### Work required
Begin at the line containing "1960s Chrome Plated" and retype each line through the end of the records exactly. Include nothing else and no pictures.
>>>
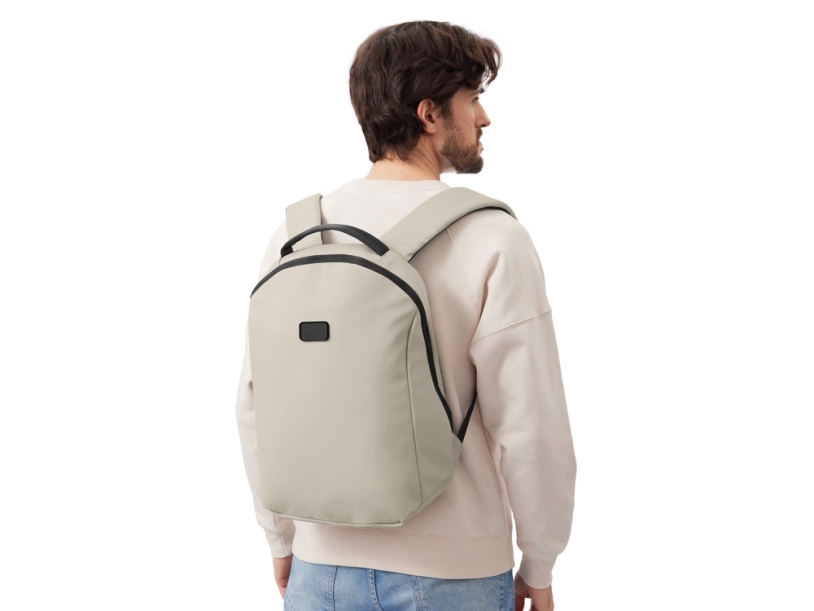 Рюкзак Sofit для ноутбука 14'' из экокожи (оливковый)  (Изображение 14)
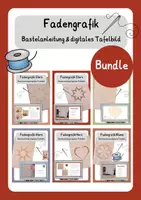 Vorschau - Mal- und Bastelvorlagen - Materialpaket - Fadengrafik - Bastelanleitung und digitales Tafelbild - Deckblatt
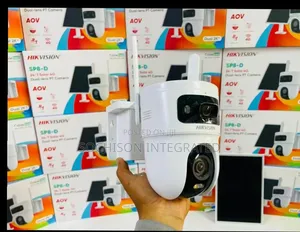 Dhikvision Ds-2cfsp8-D/4g 4+4 Mp Solar 4g Dual-Lens Pt Camera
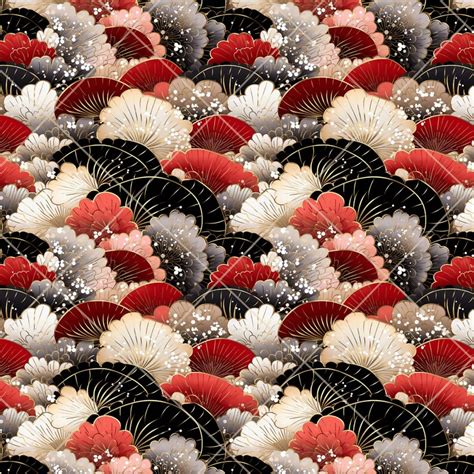 Japanese Kimono Patterns, Digital Art, Instant Download, Printable ...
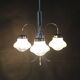 1960s Chrome Plated Chandelier with Murano Glass,  Italy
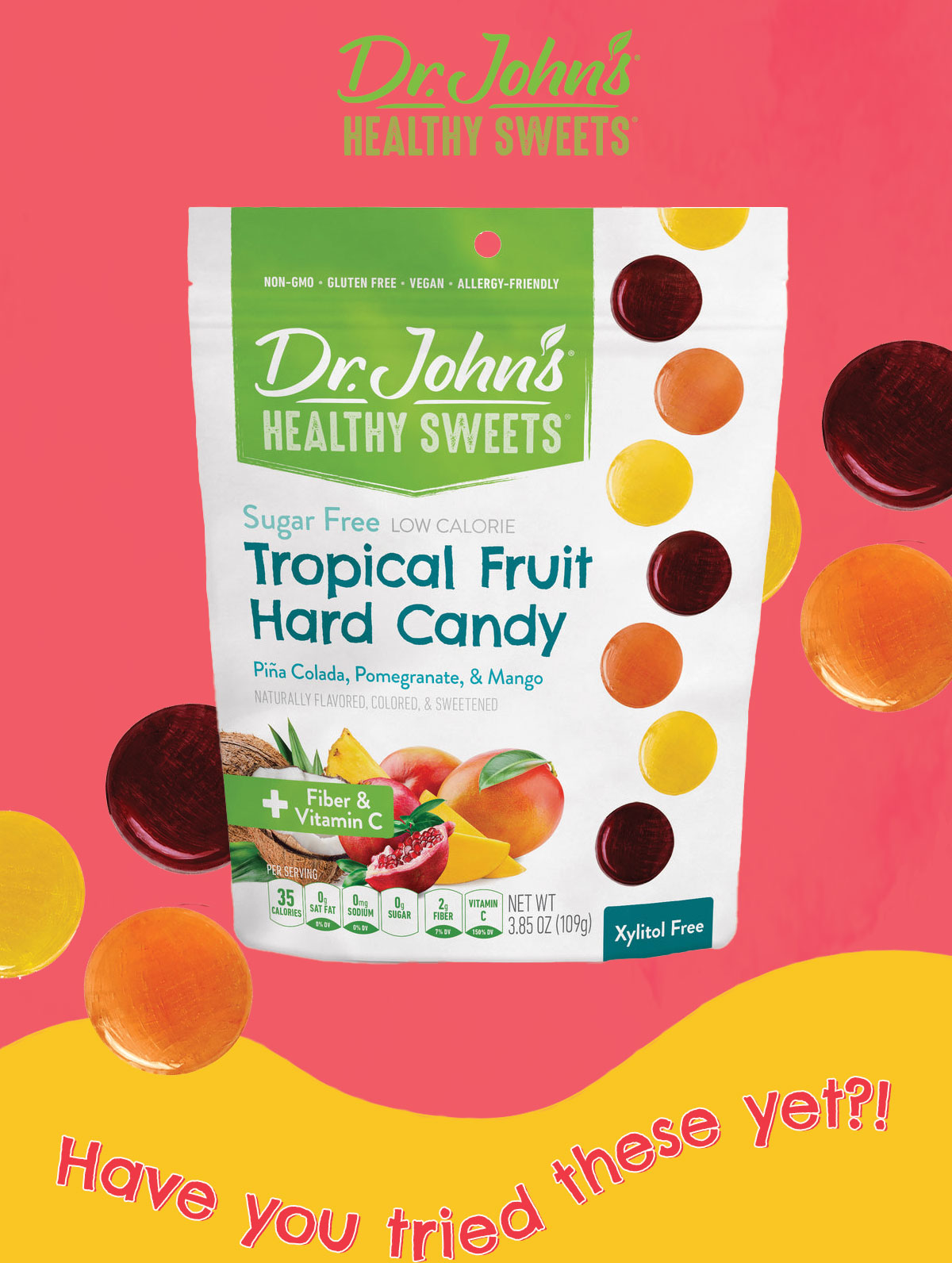 🍭 Have you tried these xylitolfree candies?! Dr. John's Healthy Sweets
<<<
### Solution to the exercise
 1960s Chrome Plated Chandelier with Murano Glass,  Italy
 🍭 Have you tried these xylitolfree candies?! Dr. John's Healthy Sweets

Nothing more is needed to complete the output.